Heureusement, c’est maintenant le cas. Depuis une modification des normes en lien avec l’accident, tout camion-citerne d’avitaillement qui est équipé d’un dispositif d’interverrouillage des freins, peu importe son année de construction, doit aussi être équipé d’un voyant lumineux et d’un mécanisme de contournement du dispositif d’interverrouillage des freins si ce véhicule est appelé à circuler à plus de 40 km/h sur une voie publique, apprend-on dans le rapport d’investigation.

Ces modifications sont pour la coroner « des améliorations de sécurité à la norme et permettront assurément d’éviter un accident comme le décès de M. Prince lorsque ce type de véhicule circule sur la voie publique ».

La coroner ajoute que le camion-citerne d’avitaillement impliqué dans cet accident est un véhicule d’une génération ancienne, qu’il a  fait l’objet d’un entretien déficient et que cet accident n’est aucunement un reflet des pratiques actuelles dans l’industrie du transport.

« Pour sensibiliser l’industrie du transport à cet accident mortel, un bulletin de sécurité sera émis aux associations de camionneurs et à d’autres entités du milieu par Transport Canada pour les sensibiliser à cet événement et leur rappeler les obligations d’entretien qui leur reviennent pour la sécurité de tous les usagers du réseau routier », indique-t-elle.

Frédérica Dupuis, conseillère principale des relations avec les médias chez Transports Canada, a confirmé cette affirmation auprès du journaldesvoisins.com.

« Transports Canada a publié un avis de sécurité ayant pour titre Système de freinage à sécurité de citernes routières utilisé lors du chargement et du déchargement.
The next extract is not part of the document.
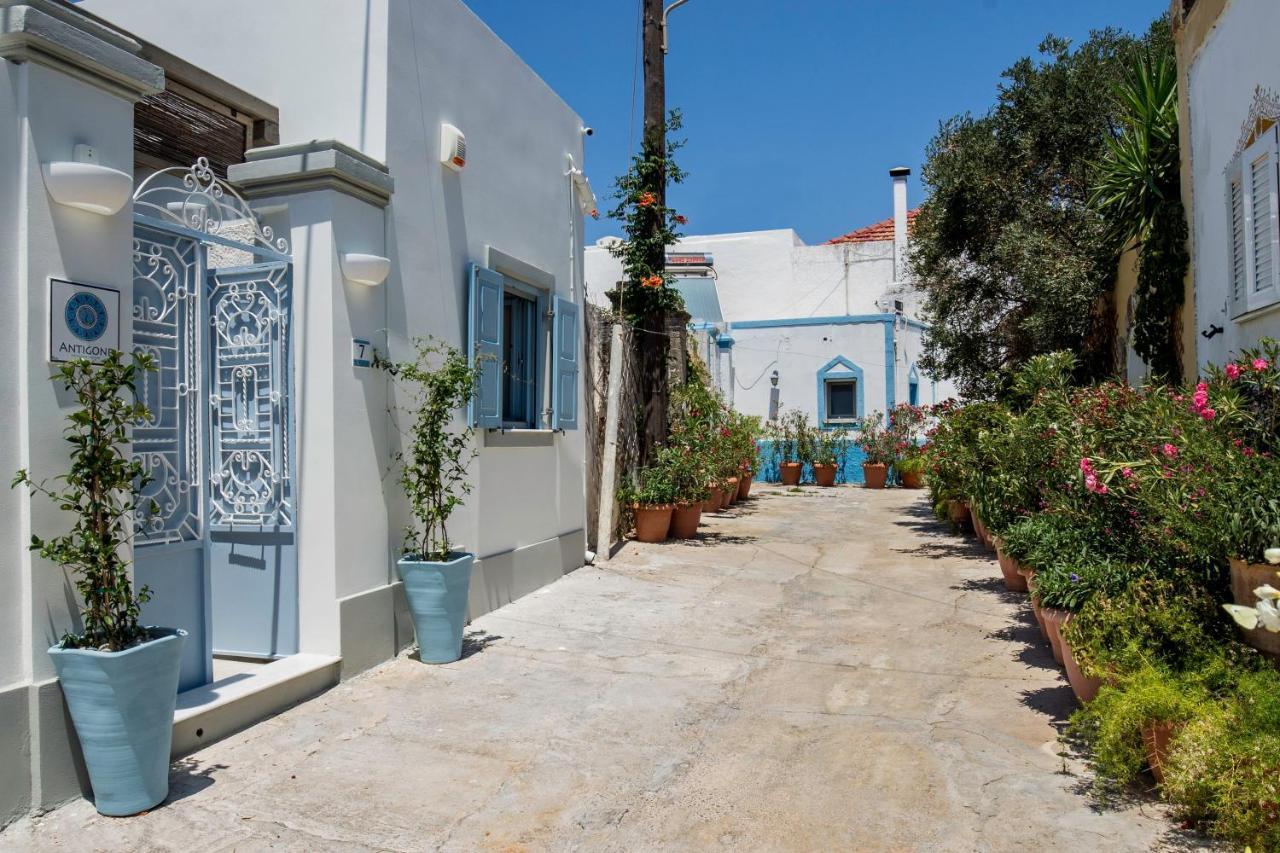 Antigone Traditional House Koskinou  외부 사진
Cet avis vise à informer les propriétaires de citernes routières de la présence possible d’un système de freinage de sécurité et recommande aux propriétaires de vérifier périodiquement que ce système est en bon état de fonctionnement. »

En conclusion, ce tragique incident aurait pu être évité, mais au moins, le rapport d’investigation de la coroner Stéphanie Gamache semble indiquer que des mesures ont été prises et seront prises pour éviter qu’il ne se reproduise à nouveau.